Amos Bradshaw was proud to say that he was horrendously untalented. Nate always looked at him with contempt when he said that, but he couldn't live in denial. Arithmetic perplexed him, he found reading a taxing exercise, and both his piano and cello playing sounded like it had come out of the mouth of a creature from Hell; nor was he good with a paintbrush or particularly athletic. To most, Amos was a complete lost cause and not worth the effort of trying to improve upon. He disagreed, though. All of the talented people he'd ever met had seemed positively miserable with it.

That's what he told Professor Dekker, at least, when the older man had taken him aside to discuss how Amos was failing his class after only a fortnight. The older man had raised his eyebrows comically at him. He had made a high, clicked noise in the back of his throat, the sound somewhere between amazement at his student's bold show of foolishness and pity that he thought it would work. "Well," He mused. "Hopefully you can find your talent with helping Cook Heide in the kitchen." Professor Dekker gave Amos' shoulder a friendly pat and strode back inside to the buzz of chatter in his classroom, leaving Amos out in the doorway. He cursed and ducked through the doorway to follow his instructor inside.

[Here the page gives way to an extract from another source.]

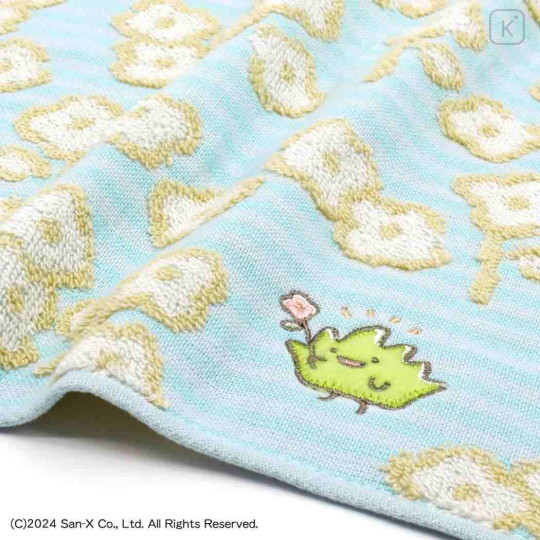 Japan San-X Gauze Towel Handkerchief - Sumikko Gurashi : Zassou Flower Blue - 2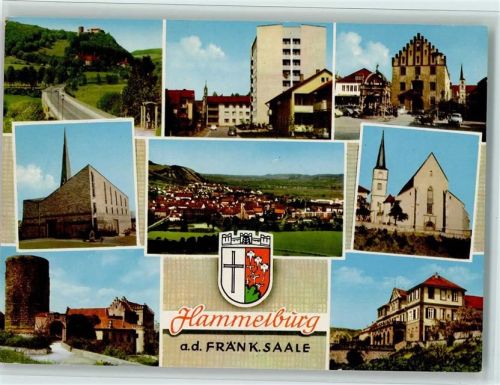 Hammelburg Ortsansichten Kirche Hochhaus Gesamtansicht Mehrfachaufnahme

The classrooms at Tuinstra were medium sized rectangular rooms with several long oak tables set in straight rows from the front to the back of the room. The professor's desk was set right in front of the dusty black board, tall above the low seats. Virgil and Agosti were at a table near the back and Amos slipped into the seat between them.

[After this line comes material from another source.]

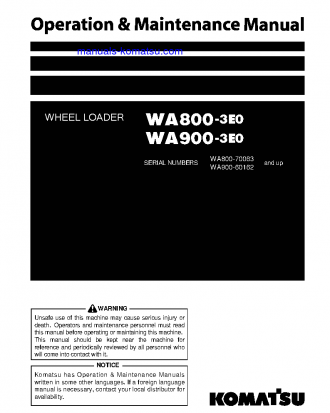 WA800-3(JPN)-TIER2 S/N 70063-70074 Operation manual (English)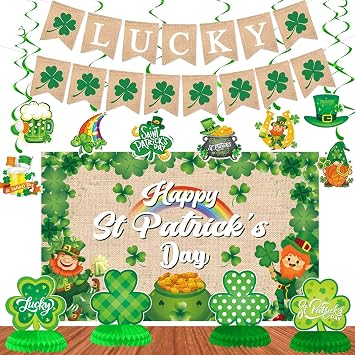 St Patricks Day Decorations Set, Happy St Patricks Day Shamrock Backdrop, Burlap Lucky Banner Shamrock Garland, Saint Patricks Day Hanging Swirl, Honeycomb Centerpieces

"How was it?' Virgil asked, glancing up at him with pale green eyes as he absentmindedly swirled his pen in the jar of ink.

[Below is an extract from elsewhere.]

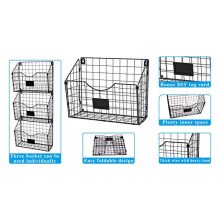 X-cosrack 3 Tier Hanging Metal Wire Basket Bin with 6 Hooks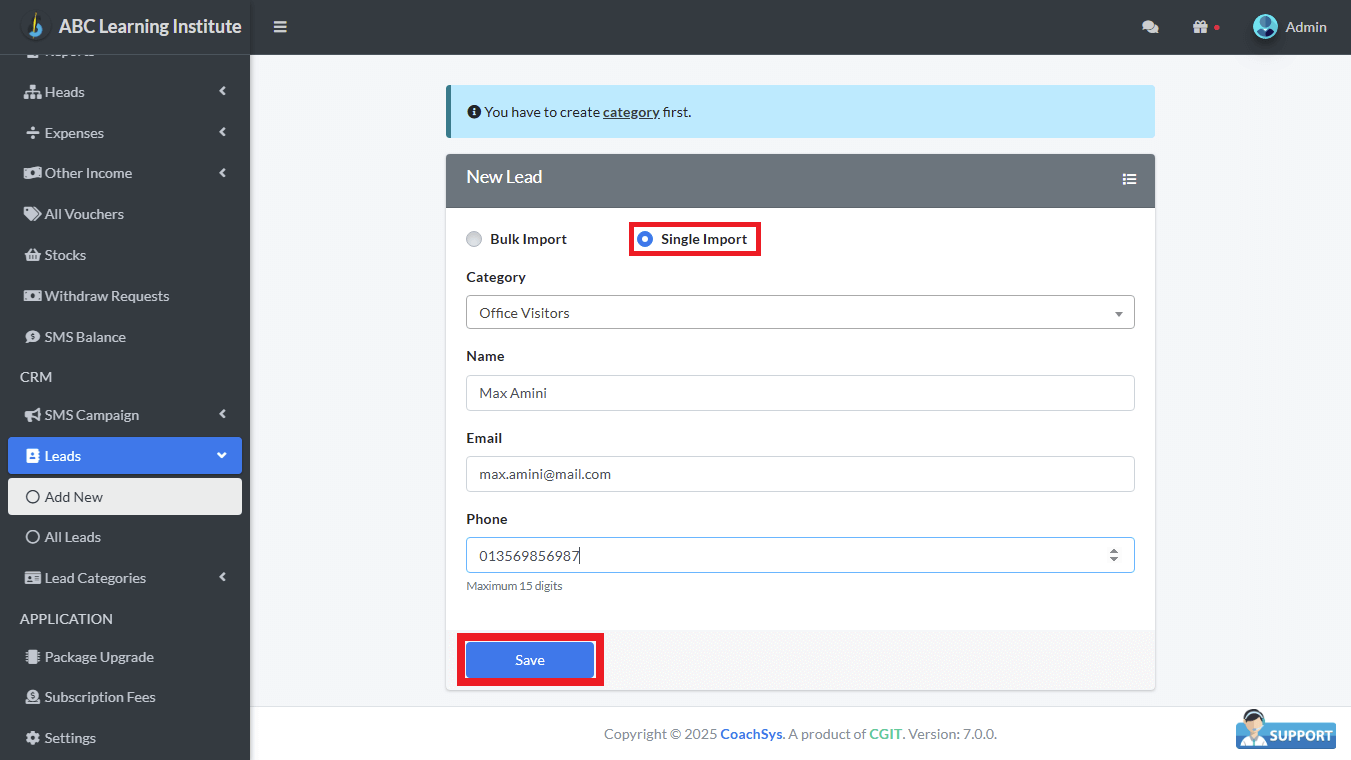 একটি করে লীড বা যোগাযোগ লিপিবদ্ধ।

"Waste of breath. The old man didn't even consider my words." Amos sighed and turned to the ginger haired boy. "Can you believe that? I practically prepared an entire speech and he brushed me off like some petulant toddler."

"I don't particularly blame him either," Agosti drawled suddenly from beside him. His dark hair fell into his eyes as scrawled onto a sheet of paper, presumably the classwork he had been supposed to do last night. He had no time to do it, as he had been practicing football "I wouldn't listen to a single word coming out of your mouth."

"Agosti, you haven't said a single intelligent sentence since you were sucking on your mother's tits. You are in no place to antagonize me."

Agosti acted as if he hadn't heard his insult, but by the flash of irritation in his eyes, Amos could see he affected him. That fact brought him a bit of triumph. "Horatio has a point, Amos. Even you have to admit that your grades being so poor so early is quite a feat." Virgil supplied.

"I don't think it's that much more impressive than excelling at the beginning of the year. Besides, you know how horrid teachers can be, being so jealous of my youth and charm." From behind, he felt a tap on his shoulder blade. He glanced over his shoulder to see the familiar face of the fifth year boy who happened to be his current interest, Reinhard Ladstatter.

He'd met Reinhard at the homecoming feast the first day he'd come back, right after he'd interrupted Headmaster Baas. Amos remembered when the boy first introduced himself, his expression full of shock and awe, how he'd never seen someone so blandly handsome. Everything from the square shape of his jaw to the perfect slickness of his brown hair seemed so predictable in a way he hadn't thought was possible. It was only after they had made meaningless small talk through dinner, that he began to feel charmed by him. Reinhard had a dewy, uncomplicated air about him that was reassuring in its simplicity. He was the type of boy who discussed his family stocks and what he fed his parakeet. Even his previous conquest, Pieter, discussed politics and controversy regularly, even when it wasn't relevant. He'd never met someone so deliciously dull before, and truly, it charmed him. He'd pleased Amos so much in fact, that he'd thought it only fair that he charmed the other boy in return. It would be easy, anyways. Reinhard already looked at him with a bit more shine in his eyes than was normal.